This Week In Vexillology #256

I really wanted to find the clip from that episode of The West Wing where White House Counsel Oliver Babish reveals he was planning on taking a vacation to Sarawak and the President promptly responds, 'Asia's best kept secret.' (It's Season 2, Episode 19 'Bad Moon Rising' if you want to watch it for yourselves. Just sort of imagine it instead of this paragraph, okay.)

So, as you might have guessed that This Week in Vexillology, I went back to the source of my flag obsession for inspiration and we're going to take a look at the flag of the Malaysian State of Sarawak. Before we get to the flag, we should probably ask the obvious question: where the heck is it?

Sarawak is situated on the northern chunk of the Island of Borneo- it's the red part. That little grey divot in it right at the top next to the white chunk of land is Brunei. The white chunk of land at the top of Borneo is the Malaysian state of Sabah. It's got an interesting history. From 1841 to 1946 it was governed by the White Rajahs- descendants of a British soldier and adventurer Sir James Brooke, who founded the Kingdom of Sarawak. After World War II, it became a British Crown Colony until 1963 when it became one of the founding members of the Federation of Malaysia.

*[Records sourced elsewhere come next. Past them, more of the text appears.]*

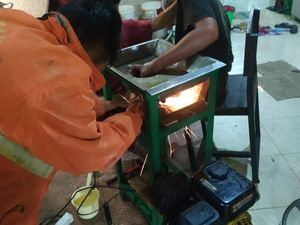 Detik-detik Evakuasi Jari Pekerja Rumah Makan Wonogiri Terjepit Mesin Giling
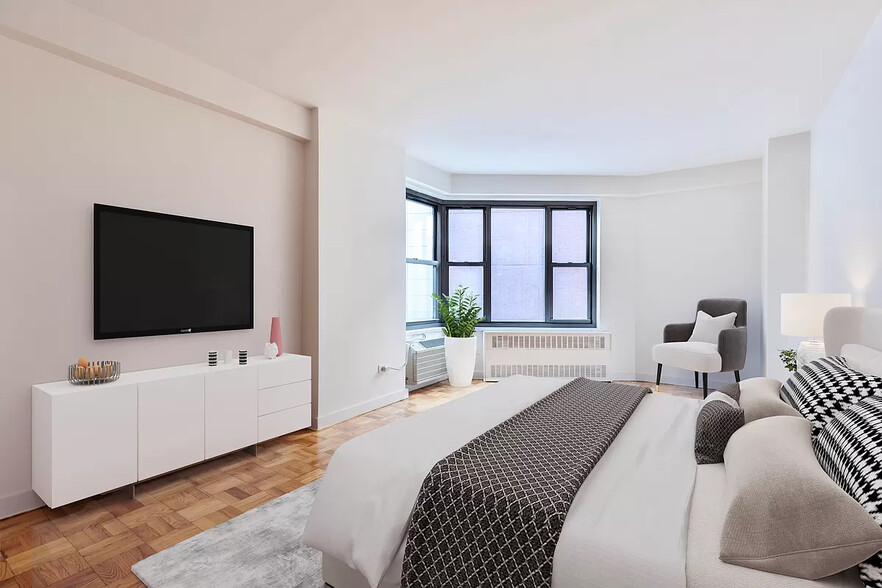 Building Photo - 358 W 48th St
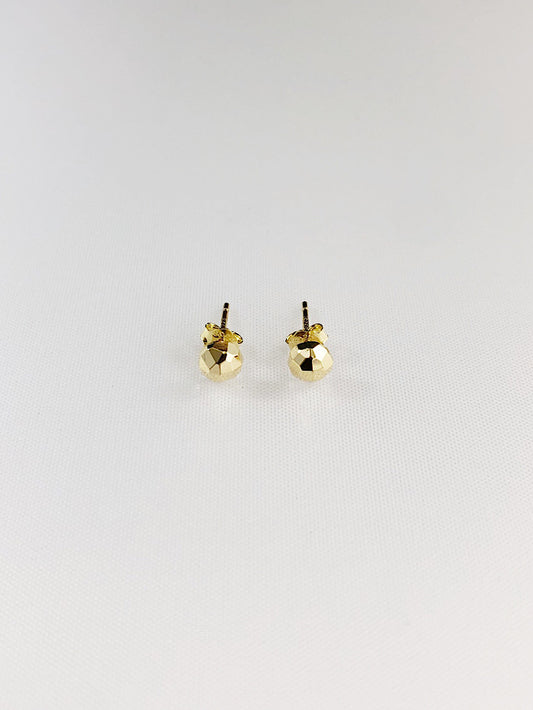 Aretes pegados media bola facetada chiquita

From 1963 on, it's flag had an interesting evolution. It started out with this:
This flag was the flag of the Old Kingdom of Sarawak from 1870-1946 and was brought back upon the foundation of Malaysia. The central portion of the flag (both sides of the cross and the crown in the middle) were kept as a shield in the usual British blue ensign for the flag of the Crown Colony. In 1973, they decided to update the flag to this:
This was called the Triskati and remained the state flag of Sarawak from 1988-1973. It's actually got some symbolism behind it, as the blue triangle represents the unity among the people of Sarawak, red stands for courage and perseverance and white for honesty and purity. But after the end of the Cold War, problems started to emerge, because it bore a passing resemblance to the flag of the Czech Republic.  For the 25th Anniversary of it's independence with the Federation, they adopted their current flag:
Going back to the same colors as the old Kingdom, the new flag retained many aspects of it's original symbolism but made some important changes to bring it into the modern era. The cross has been replaced with a diagonal band of red and black, which removes any overt references to Christianity. Weirdly, as of 2010 Christianity is the largest religion in the state (42.6%) with Islam just behind (32.2%). The state itself has no official religion, but the Federation does: it's Islam. So I have to wonder if the change was more a national political move than a local one, but who knows. The crown was also replaced with a nine pointed star- this was to remove any references to a sovereign monarchy.